Cómo hacer que tus talleres virtuales masivos sean interactivos | Training For Change

Cómo hacer que tus talleres virtuales masivos sean interactivos

Tema

Herramientas de tallerismo en línea iconHerramientas de tallerismo en línea

Idioma

EspañolInglés

Tipo

Herramienta de taller

¿Alguna vez has notado que los talleres virtuales masivos suelen ser menos interactivos que los grupos en línea más pequeños? Los dos principios clave para interactuar con grupos de manera virtual son: interactuar con frecuencia y de diversas maneras. Estos principios son aún más importantes cuando trabajas con un grupo grande en línea. Si bien la realización de múltiples tareas y las distracciones son un desafío en todos los espacios en línea, lo son aún más en los espacios virtuales masivos, donde las personas pueden sentir (con razón) que no se notará si no están participando.
Definimos los espacios virtuales “masivos” como aquellos en los que el grupo es demasiado numeroso como para que puedas hacer un seguimiento a la participación individual. Esto varía, pero en tu caso podría tratarse de un grupo de entre 40 y miles de participantes.
Para lograr el máximo impacto en tus talleres virtuales masivos, no te limites a dar una clase magistral y a responder preguntas. En su lugar, puedes…


Utilizar métodos de participación que no requieren el uso de tecnología 

Hay muchas formas de invitar a tu grupo a participar sin que tengan que pulsar ningún botón en tu plataforma en línea.  Al utilizar herramientas que no requieren tecnología, puedes hacer que la participación sea más accesible (incluso para quienes ven la sesión en diferido) y reducir al mínimo el trabajo que tu equipo tiene que hacer para gestionarla.  Por ejemplo:

  • Reflexiones guiadas o visualizaciones  (“Cierra los ojos o baja la mirada.  Piensa en un momento…”)
  • Escritura individual (“Anota una idea que quieras poner en práctica de esta lluvia de ideas” o “Reflexiona y escribe sobre una ocasión en la que probaste algo nuevo. ¿Qué pasó?”)
  • Actividades corporales como estiramientos, baile o ejercicios de respiración
  • Búsqueda del tesoro (“Encuentra algo cerca de ti que te recuerde por qué te importa este tema”)
  • Dibujo (“Dibuja un momento del último evento que te haya llamado la atención”)


Utilizar el chat de diversas formas

El chat suele ser nuestra herramienta principal para fomentar la participación en talleres virtuales masivos.
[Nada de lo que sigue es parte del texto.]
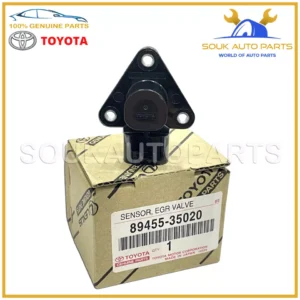 16100-19375 Genuine Toyota PUMP ASSY, WATER 1610019375 OEM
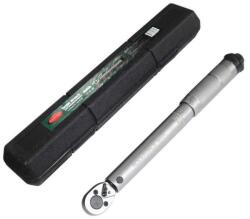 ROCKFORCE Cheie cu momente și blocare 1/4'' (5-25nm) (FS-14926)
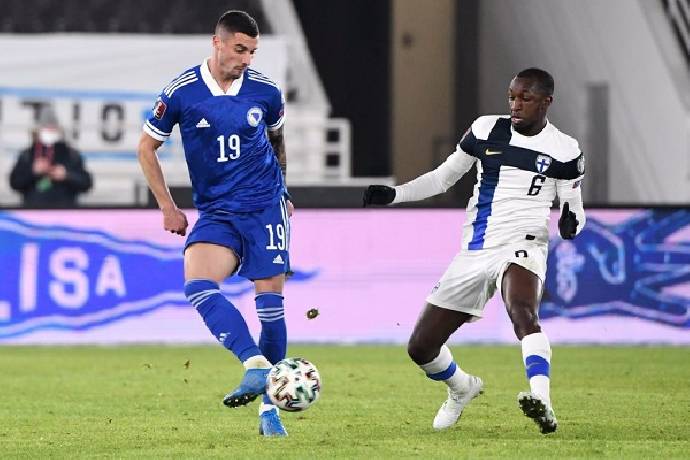 Nhận định, soi k&egrave;o Phần Lan vs Kazakhstan, 20h00 ng&agrave;y 4/9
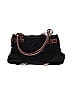 Etienne Aigner Solid Black Shoulder Bag One size - photo 3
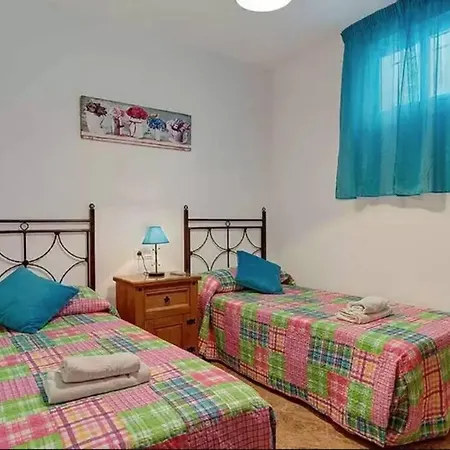 Antonio Сasa de vacaciones Nerja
Es fácil enseñar a la gente a usarlo y está disponible en prácticamente cualquier plataforma de reuniones en línea (incluidas las de transmisión en vivo). Cuanto mayor sea la frecuencia y la variedad de formas en que animes a las personas participantes a usar el chat, más mantendrás al grupo concentrado en tu sesión y más amplia será la gama de personas del grupo que logres que participe. Además, cuantas más personas involucres y con mayor frecuencia, mejor podrás percibir el estado del grupo a lo largo de la sesión: ¿Te siguen? ¿Qué están sintiendo? ¿Están preparades para actuar?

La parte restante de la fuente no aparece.